With function f(x)=[(x^2 -1)/x^3] find f'(x),f''(x),domain, asymptotes and such..?

Question

With function f(x)=[(x^2 -1)/x^3].
(note: the function is x^2 subtract 1 over x^3)

Find the following (with steps if possible):
1) f'(x),
2) f''(x),
3) domain,
4) intercepts,
5) symmetry,
6) vertical asymptotes
7) f(x)'s behavior as 'x' gets large
8) intervals of increase and decrease (Max & Mins)
9) Concavity
10) summary of Analysis (for graphing)
11)Fully labeled sketch, or fully descripti

Answer 1

f(x) = (x^2 - 1) / x^3 = x^(-1) - x^(-3).
1) f'(x) = (-1)x^(-2) - (-3)x^(-4) = -x^(-2) + 3x^(-4).

2) f"(x) = -(-2)x^(-3) + 3(-4)x^(-5) = 2x^(-3) - 12x^(-5).

3) The domain is R\{0}.

4) x-intercepts when x^2 - 1 = 0 <=> x = ±1.
No y-intercept since 0 is not in the domain.

5) f(-x) = ((-x)^2 - 1) / ((-x)^3) = (x^2 - 1) / (-x^3) = -f(x), so f is antisymmetrical.

6) Vertical asymptotes at x = 0. As x -> 0, x^2 - 1 -> -1. So as x->0+ (i.e. from above), y->∞, and as x->0- (i.e. from below), y ->-∞.

7) lim x->∞ f(x) = lim x->∞ (1/x - 1/x^3) = 0, similarly for x->-∞.

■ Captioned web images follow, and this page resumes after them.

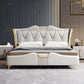 Genuine Leather Standard Bed Modern Panel Bed with Custom Gold Legs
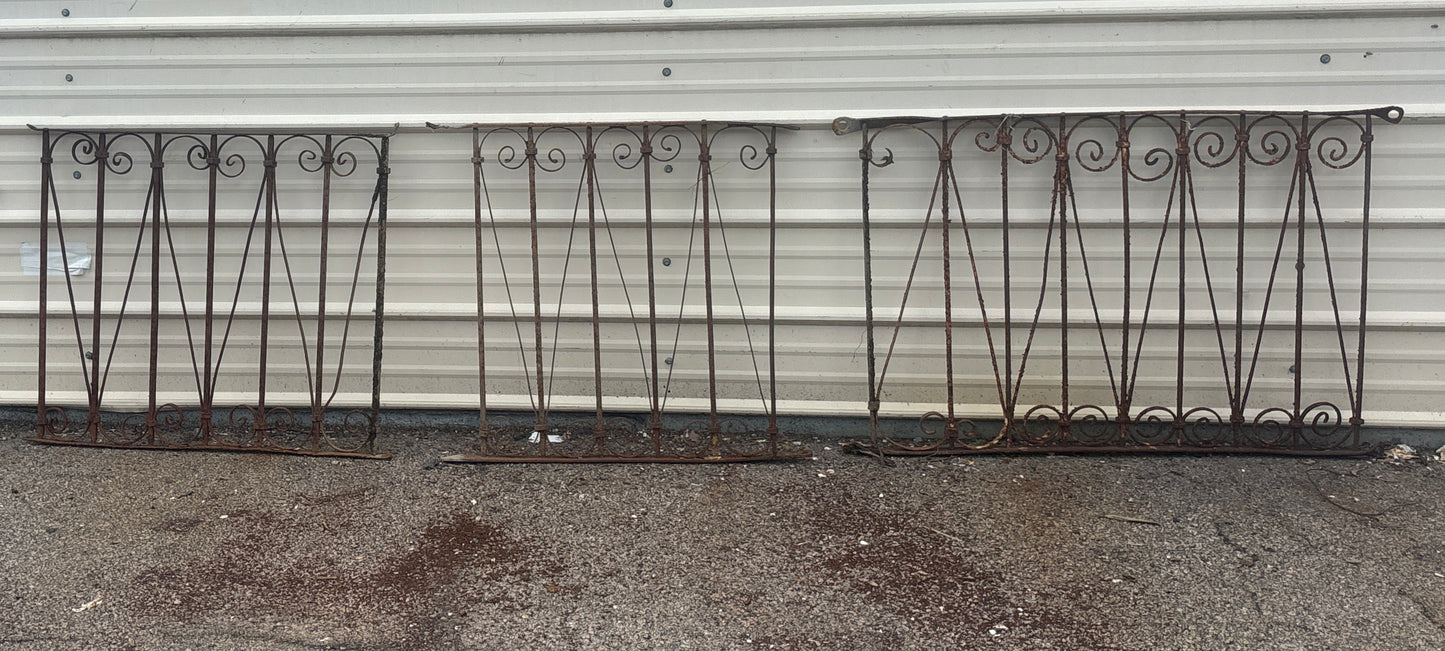 9.5 Feet of Wrought Iron Fence Panels GA21278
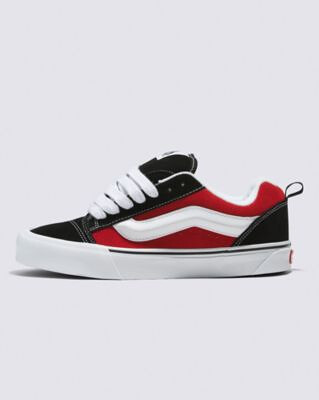 VANS Unisex Knu Skool Shoe Red/True White - VN0009QC6RT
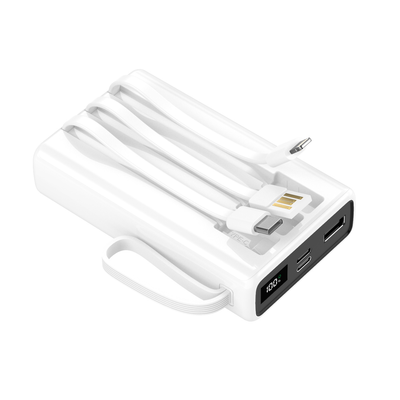 Setty power bank 10000 mAh with cables SPB-LC-210 white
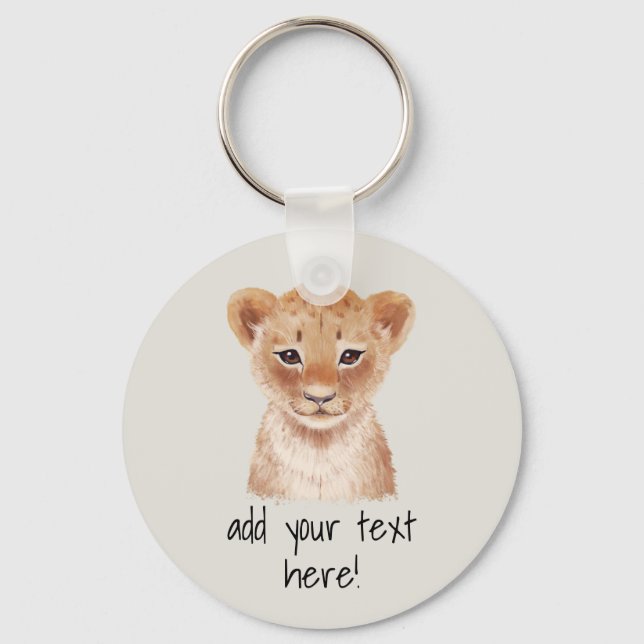 Porte-clés Cute Lion Cub Personnalisé (Recto)
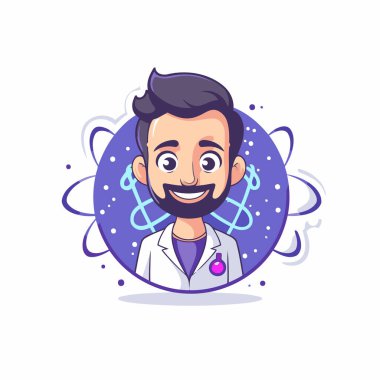 Beyaz önlüklü çizgi film doktoru. Düz biçimli vektör illüstrasyonu.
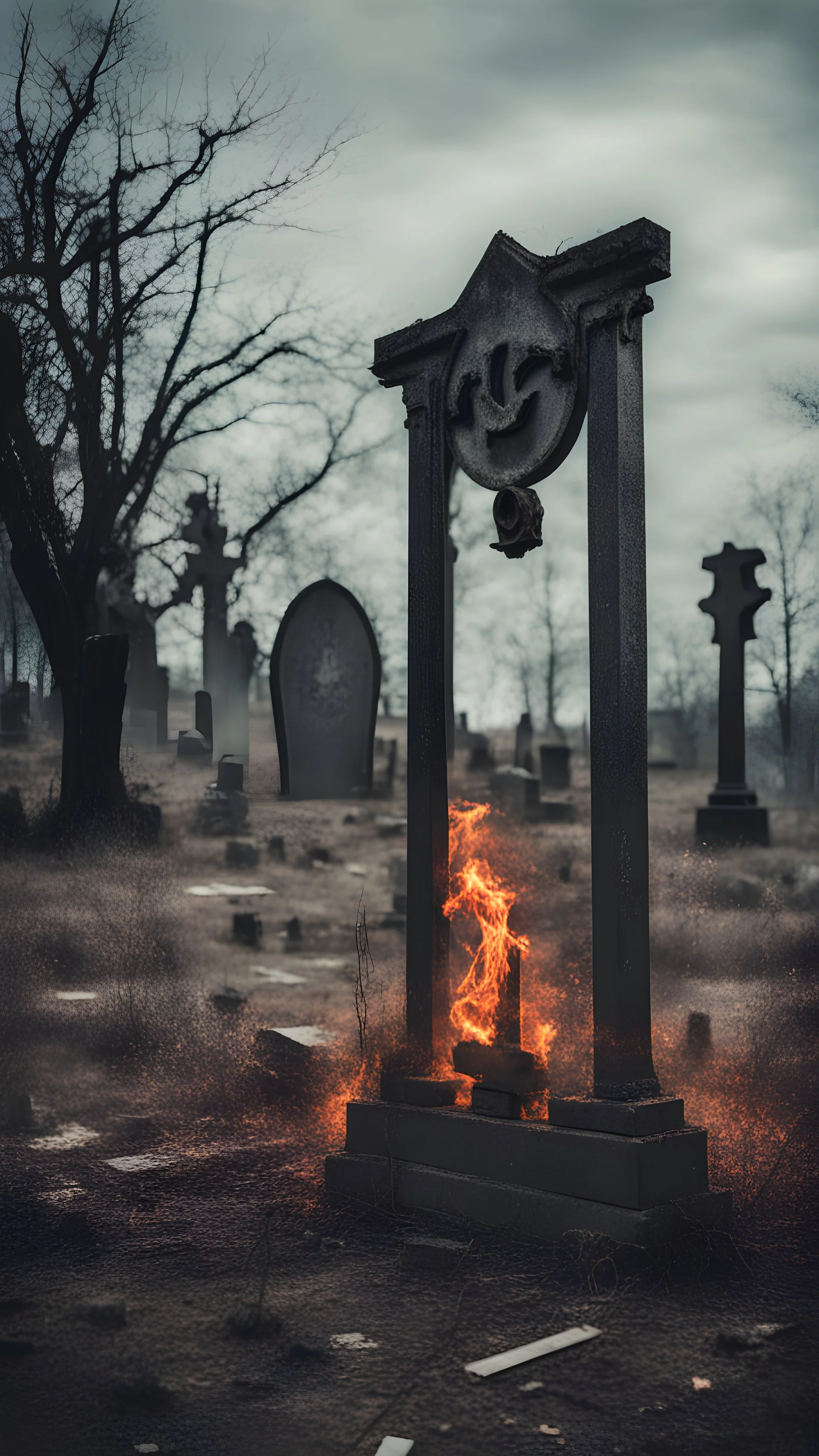 Fire sign on an old abandoned cemetery in horror movie style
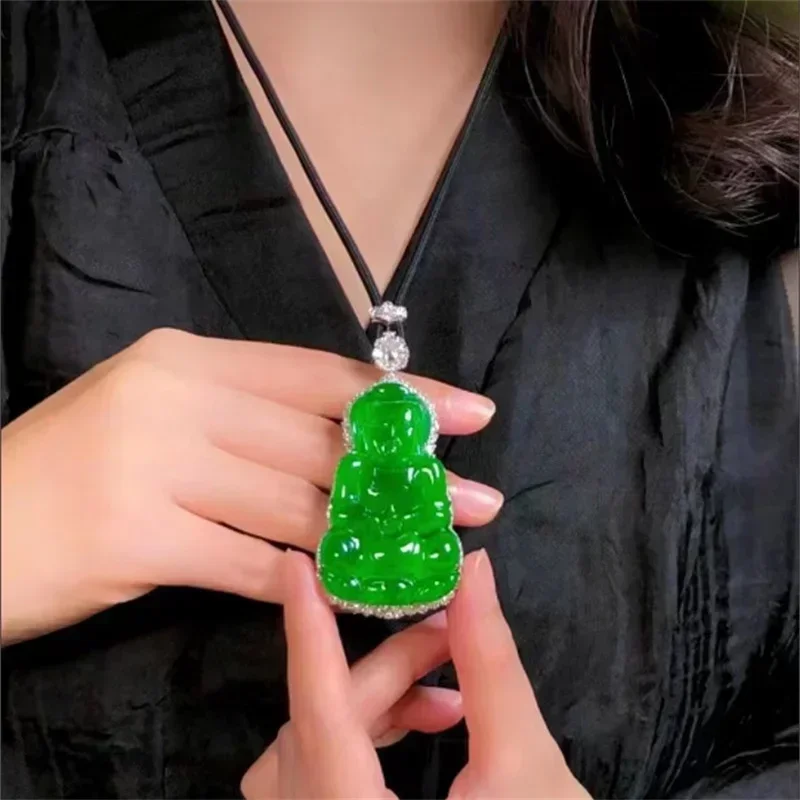 

MaiChuang/ Jade Yang Green Guanyin Silver Inlay Emerald Necklace Pendant Fashion Elegant Personality Jewelry MenWomen CoupleGift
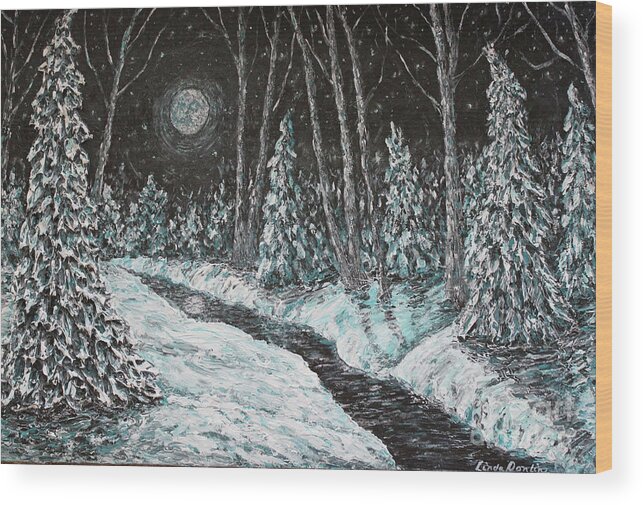 Snow Wood Print featuring the painting Moon Shadows by Linda Donlin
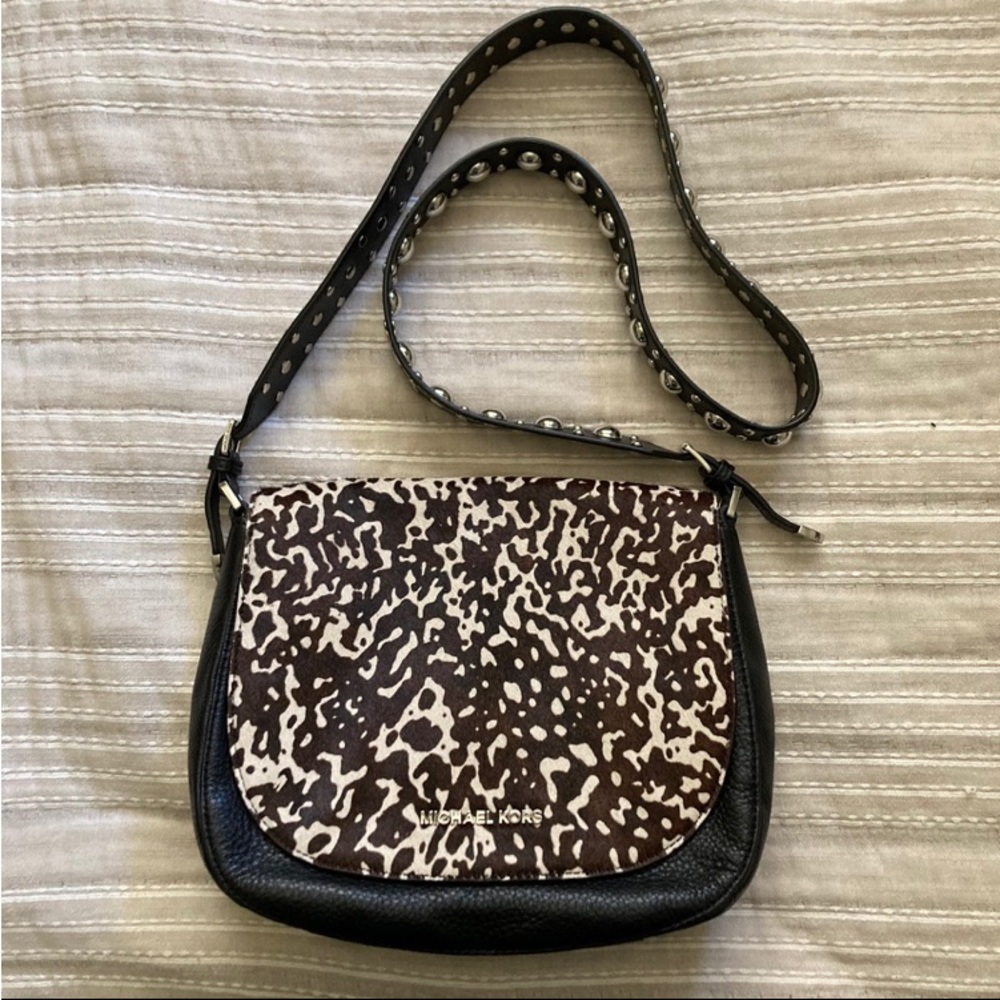 Michal Kors Black Genuine Cowhide Leather Studded Crossbody Purse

8) f'(x) = -x^(-2) + 3x^(-4) = (-x^2 + 3) / x^4
Critical points are when x = ±√3 or x = 0.
x^4 is always positive (for x ≠ 0) and -x^2 + 3 is positive <=> x ∈ (-√3, √3).
So the intervals are as follows:
Decreasing on (-∞, -√3]
(minimum at -√3)
Increasing on [-√3, 0)
(undefined, vertical asymptotes at x = 0 as above)
Increasing on (0, √3]
(maximum at √3)
Decreasing on [√3, ∞).

9) f"(x) = 2x^(-3) - 12x^(-5) = 2(x^2 - 6) / x^5.
So the inflection points are at ±√6.
Terminology varies a bit here, so review this in light of your teacher's definitions:
On (-∞, -√6] the function is concave (or concave downwards).
On [-√6, 0) the function is convex (or concave upwards).
On (0, √6] the function is concave (or concave downwards).
On [√6, ∞) the function is convex (or concave upwards).

I'll let you summarise this and produce a sketch yourself.